Alex Gray - joint work with Bernd Fischer and Johann Schumann, NASA Ames, and Wray Buntine, Helsinki Institute for IT.
Machine learning has reached a point where most probabilistic methods
can be understood as variations, extensions and combinations of a much
smaller set of abstract themes, e.g., as different instances of the EM
algorithm for different Bayesian network structures. This enables the
systematic derivation of algorithms customized for different models.

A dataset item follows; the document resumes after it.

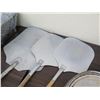 Image 2 : Multiple Pizza Pans & Peel Slide Tools w/ Handles Misc Size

Here, we demonstrate the AutoBayes system, which takes a high-level
statistical model specification, uses powerful symbolic techniques
based on schema-based program synthesis and computer algebra to derive
an efficient specialized algorithm for learning that model, and
generates executable C or Matlab code implementing that algorithm.

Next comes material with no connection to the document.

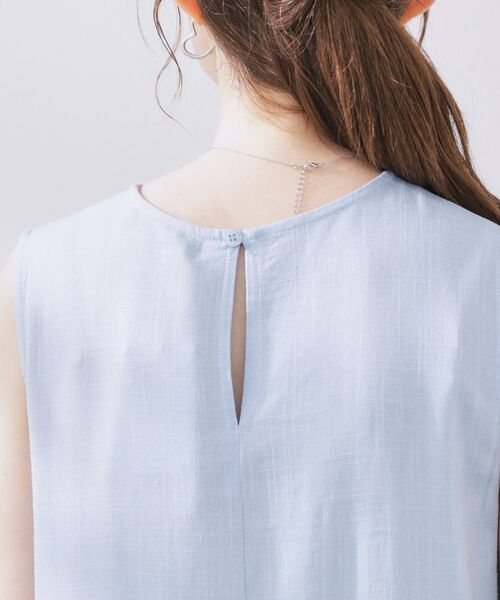 Couture Brooch / クチュールブローチ ロング・マキシ丈ワンピース | 麻混フレアデザインワンピース | 詳細19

This capability is far beyond that of code collections such as Matlab toolboxes or even tools for model-independent optimization such as BUGS for Gibbs sampling: complex new algorithms can be generated without new programming, algorithms can be highly specialized and tightly crafted for the exact structure of the model and data, and efficient and commented code can be generated for different languages or systems. We present a number of examples of automatically-derived algorithms ranging from closed-form solutions of Bayesian textbook problems to recently-proposed EM algorithms for clustering, regression, and a multinomial form of PCA.

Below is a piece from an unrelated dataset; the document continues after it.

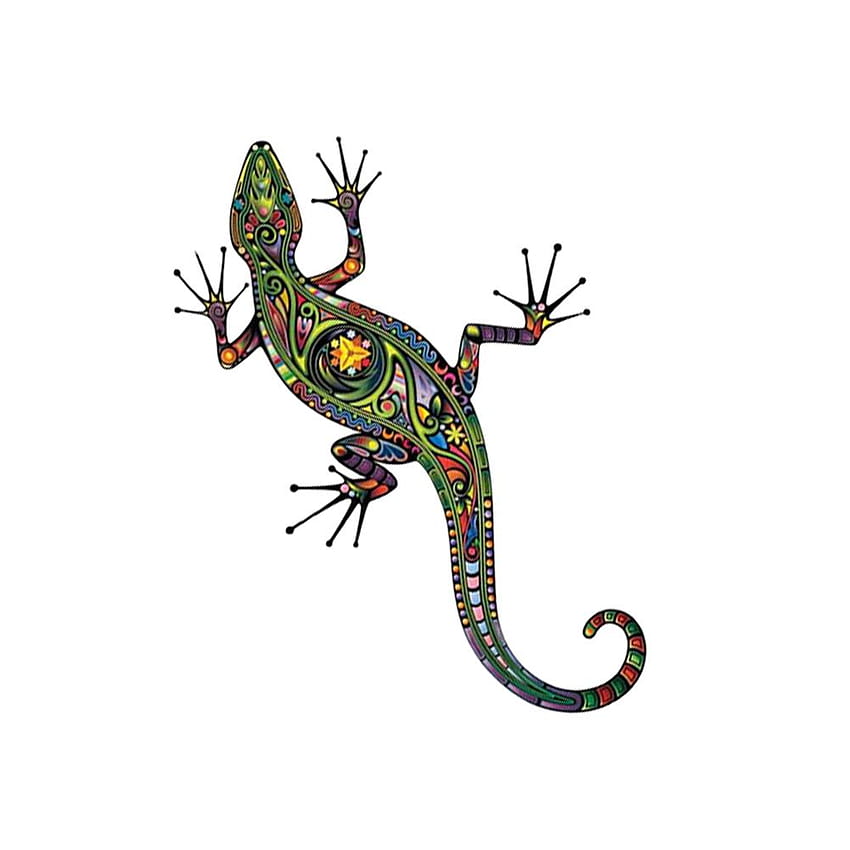 Buy 1PC Creative Colorful Lizard Reptile Wall Decal Art Sticker for Home Bedroom Living Room at affordable prices, Cartoon Lizard HD phone wallpaper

The AutoBayes Project was begun by Dr. Wray Buntine (one of the pioneers of this general perspective in machine learning) in 1995 and also consists of Dr. Bernd Fischer and Dr. Johann Schumann (experts in automated software engineering) at NASA Ames, and myself. I joined the project in 2001 with the goal of pushing AutoBayes to the point of becoming a serious tool for the machine learning research community. To this end I've been working to extend the capabilities of the system with algorithmic schemas of recent interest in machine learning research, including particle filters, Kalman filter variants, and fast tree-based learning algorithms.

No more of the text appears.